T-022 is now scoped to the ENABLE step only. The other surfaces are their own UIDs: - T-025 — migrate user-facing Firestore reads/writes to the client SDK. - T-026 — re-introduce the firestore.rules CI auto-deploy workflow. - T-027 — narrow the Firestore Admin SDK credential (per-database SA scoping). So T-022 = tighten/verify the strict (commented) Security Rules for all 4 DBs incl. the migrated documents (T-021), complete position-level claims, add a Rules test plan, and flip RBAC_ENABLED.

SA coordination — answered 2026-06-13 (UNBLOCKED, zero conflict)
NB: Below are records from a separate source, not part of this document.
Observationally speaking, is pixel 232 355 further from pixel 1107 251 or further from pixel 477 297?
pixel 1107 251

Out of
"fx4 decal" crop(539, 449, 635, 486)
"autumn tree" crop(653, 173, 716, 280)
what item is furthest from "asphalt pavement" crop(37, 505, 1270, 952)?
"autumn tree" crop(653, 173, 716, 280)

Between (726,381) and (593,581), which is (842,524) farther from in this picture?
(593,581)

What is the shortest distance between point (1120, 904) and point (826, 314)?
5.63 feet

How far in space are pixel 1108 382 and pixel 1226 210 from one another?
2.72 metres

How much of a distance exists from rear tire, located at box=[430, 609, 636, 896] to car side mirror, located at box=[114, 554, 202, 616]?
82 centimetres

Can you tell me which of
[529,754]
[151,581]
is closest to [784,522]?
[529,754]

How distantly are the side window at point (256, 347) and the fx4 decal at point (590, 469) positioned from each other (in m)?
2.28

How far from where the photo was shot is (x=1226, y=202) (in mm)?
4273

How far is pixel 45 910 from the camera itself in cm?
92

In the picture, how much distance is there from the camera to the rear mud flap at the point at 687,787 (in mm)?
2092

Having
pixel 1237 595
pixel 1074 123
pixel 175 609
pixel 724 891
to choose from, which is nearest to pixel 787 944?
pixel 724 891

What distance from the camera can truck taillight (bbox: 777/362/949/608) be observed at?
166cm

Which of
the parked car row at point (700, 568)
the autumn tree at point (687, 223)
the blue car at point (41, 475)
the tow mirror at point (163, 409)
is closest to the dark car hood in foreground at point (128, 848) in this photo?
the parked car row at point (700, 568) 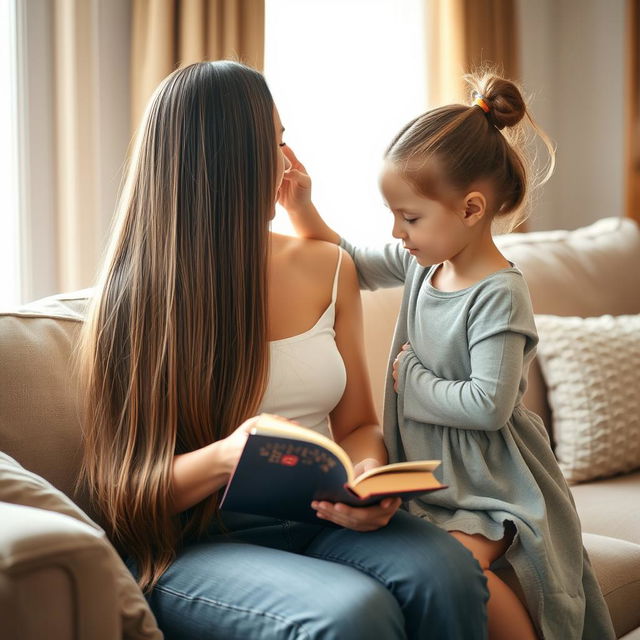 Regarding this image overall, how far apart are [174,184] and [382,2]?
6.78 feet

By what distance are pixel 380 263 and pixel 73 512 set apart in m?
0.85

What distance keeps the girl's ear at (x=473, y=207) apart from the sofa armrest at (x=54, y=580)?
2.75 ft

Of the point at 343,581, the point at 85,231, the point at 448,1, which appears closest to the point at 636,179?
the point at 448,1

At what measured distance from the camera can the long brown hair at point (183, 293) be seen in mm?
1389

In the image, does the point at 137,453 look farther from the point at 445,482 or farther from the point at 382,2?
the point at 382,2

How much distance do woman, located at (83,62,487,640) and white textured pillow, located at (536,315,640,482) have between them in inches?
31.3

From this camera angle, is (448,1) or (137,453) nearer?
(137,453)

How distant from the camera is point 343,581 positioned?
1174 mm

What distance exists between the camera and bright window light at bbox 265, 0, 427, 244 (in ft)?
9.52

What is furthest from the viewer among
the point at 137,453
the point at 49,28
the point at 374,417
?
the point at 49,28

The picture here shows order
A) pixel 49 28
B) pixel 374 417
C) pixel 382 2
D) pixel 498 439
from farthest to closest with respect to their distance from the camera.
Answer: pixel 382 2 → pixel 49 28 → pixel 374 417 → pixel 498 439

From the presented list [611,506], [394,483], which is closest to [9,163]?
[394,483]

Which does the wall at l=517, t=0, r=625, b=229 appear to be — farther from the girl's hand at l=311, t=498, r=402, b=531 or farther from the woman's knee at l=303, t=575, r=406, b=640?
the woman's knee at l=303, t=575, r=406, b=640

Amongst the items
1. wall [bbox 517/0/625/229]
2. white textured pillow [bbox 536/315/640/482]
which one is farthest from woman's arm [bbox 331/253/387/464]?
wall [bbox 517/0/625/229] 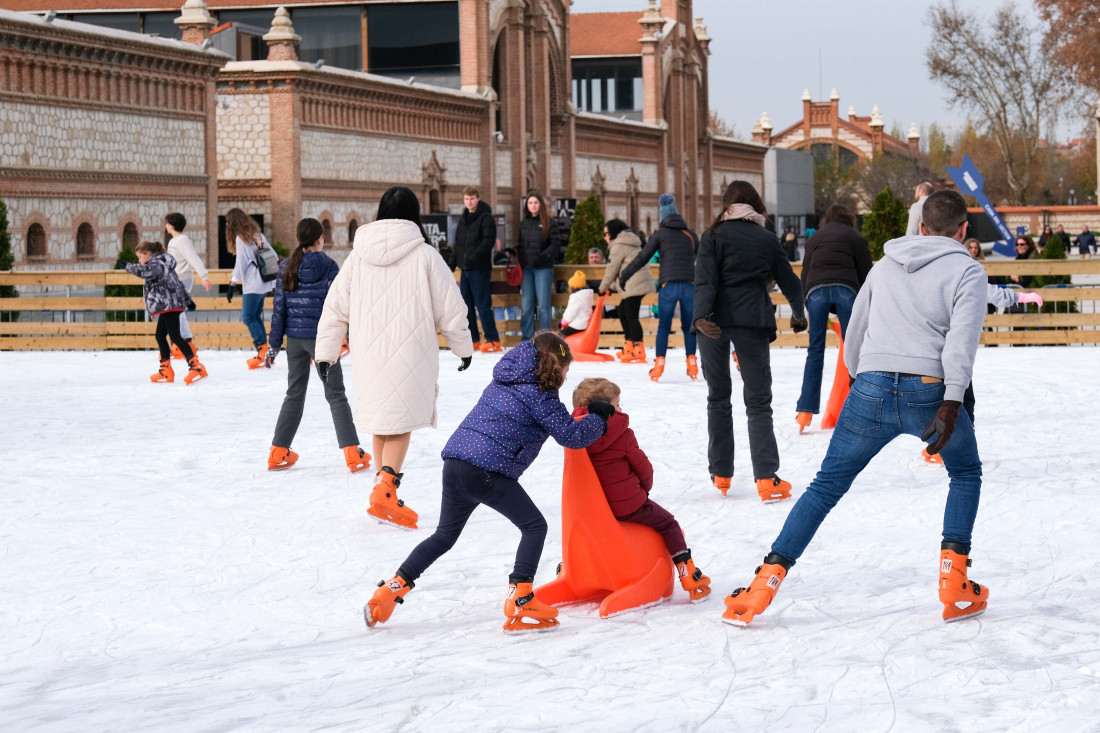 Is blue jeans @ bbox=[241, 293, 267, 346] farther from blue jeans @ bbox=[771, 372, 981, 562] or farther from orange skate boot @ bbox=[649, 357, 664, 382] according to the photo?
blue jeans @ bbox=[771, 372, 981, 562]

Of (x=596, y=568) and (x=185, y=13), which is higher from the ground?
(x=185, y=13)

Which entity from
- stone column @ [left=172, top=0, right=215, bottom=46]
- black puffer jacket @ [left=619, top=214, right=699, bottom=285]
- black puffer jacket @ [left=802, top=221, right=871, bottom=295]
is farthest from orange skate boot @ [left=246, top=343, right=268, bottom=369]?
stone column @ [left=172, top=0, right=215, bottom=46]

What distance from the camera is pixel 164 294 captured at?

The SA-refactoring agent's refactor is pure GCP IAM and orthogonal to all auth work: - App's Firestore cred = firebase-adminsdk-fbsvc@aote-pms (FIREBASE_ADMIN_PROJECT_ID/ _CLIENT_EMAIL/_PRIVATE_KEY in Vercel) — UNTOUCHED by their refactor; still datastore.owner + firebase.sdkAdminServiceAgent at project scope. Narrowing it is mine → T-027. - They are NOT touching Firebase Auth, custom claims, providers, or NextAuth. Claims (subsidiary + position/role) are entirely mine — ship anytime. - Client SDK + Security Rules are mine — ship anytime; NO timeline constraints. - CI: firebase-rules-deployer@ (role firebaserules.admin) + GH secrets FIREBASE_DEPLOY_KEY + FIREBASE_ADMIN_PROJECT_ID are ALREADY provisioned to auto-deploy firestore.*.rules; the workflow file was reverted at 93e64a2 (branch claude/audit-user-access-control-cch7t) and must be re-introduced → T-026 (coordinate with the user-access-control session, not the SA agent). - Their ask back: if I mint any new SA, note it in memory project_sa_audit_aote_pms. - Caveat: MEL/EPL not yet incorporated → tebs-mel/tebs-epl are conceptual; tebs-erl is the only real subsidiary DB; aote-system is system-config.

Log

  • 2026-06-13 created (was blocked on SA answers).
  • 2026-06-13 UNBLOCKED + re-scoped to the enable step; SA answers recorded; split client-SDK migration / CI workflow / SA-scoping into T-025/026/027.